La corporation a grandi rapidement avec l’apparition de nouveaux titres et de chaînes privées. Jusqu’à aujourd’hui, 5000 journalistes ont obtenu leur carte de presse officielle. Il existe des journaux dont on ne connaît même pas les propriétaires. C’est le cas d’El Ahdath. Même ses journalistes ne connaissent pas leur vrai patron. D’autres journaux recrutent des jeunes diplômés de l’Itfc, payés par l’Anem, ne déclarent pas leur personnel, etc. La situation est peu reluisante», lance le syndicaliste.
Selon Amarni, les journalistes ont une part de responsabilité dans cette situation. «Lorsqu’ils ne sont pas empêchés, ils ne s’impliquent pas, manquent d’engagement et de mobilisation. Lorsque nous avons lancé l’élaboration des conventions collectives, nous avions appelé à une assemblée générale pour discuter la dernière mouture, seuls 8 éléments sont venus», regrette-t-il, tout en précisant : «Cela ne veut pas dire que l’Etat n’est pas responsable. C’est à l’Etat de faire respecter les lois du travail et de protéger les journalistes des dérives.» Si certains ont continué à militer au SNJ en dépit de ses problèmes organiques, d’autres ont opté pour cette action appelée «Initiative pour la dignité du journaliste» lancée en 2011.
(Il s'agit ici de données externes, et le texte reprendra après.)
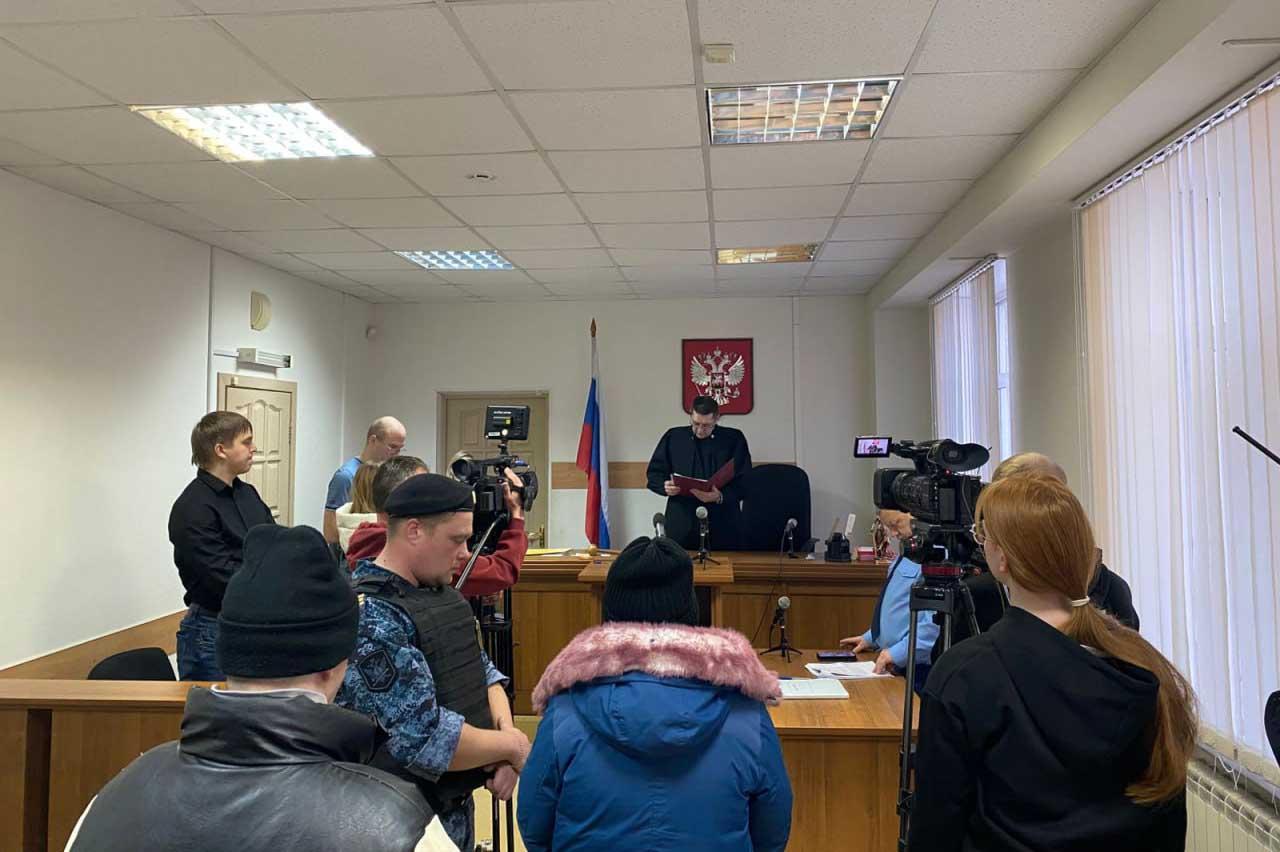 В Первоуральске осудили мать, которая била сына скалкой и сажала на цепь - Фото 1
Ryadh Boukhedcha, membre fondateur de ce réseau, dresse un tableau noir de la situation socioprofessionnelle. «Dans de nombreuses entreprises de presse, les journalistes perçoivent des salaires compris entre 25 et 35 000 DA, nombre d’entre eux vivent dans cités universitaires ou dans des dortoirs indignes de la profession qu’ils exercent. Les conventions collectives et les grilles salariales n’existent pas. D’autres n’ont même pas d’outils de travail comme le micro-ordinateur ou la connexion internet.
La réglementation du travail est carrément foulée aux pieds. En 2016, nous avons perdu 150 postes de journalistes et 300 autres emplois dans les médias sont perdus depuis début 2016. La situation est d’une telle précarité ! Comment pouvons-nous parler de liberté de la presse lorsque la dignité du journaliste est bafouée ?» dénonce Boukhedcha, qui annonce la publication aujourd’hui du troisième rapport sur la situation de la presse. Cependant, le SNJ et l’Initiative pour la dignité des journalistes ne sont pas les seuls cadres de revendication. Des confrères d’El Khabar et de Liberté ont privilégié la création d’un syndicat d’entreprise sous la bannière de l’UGTA.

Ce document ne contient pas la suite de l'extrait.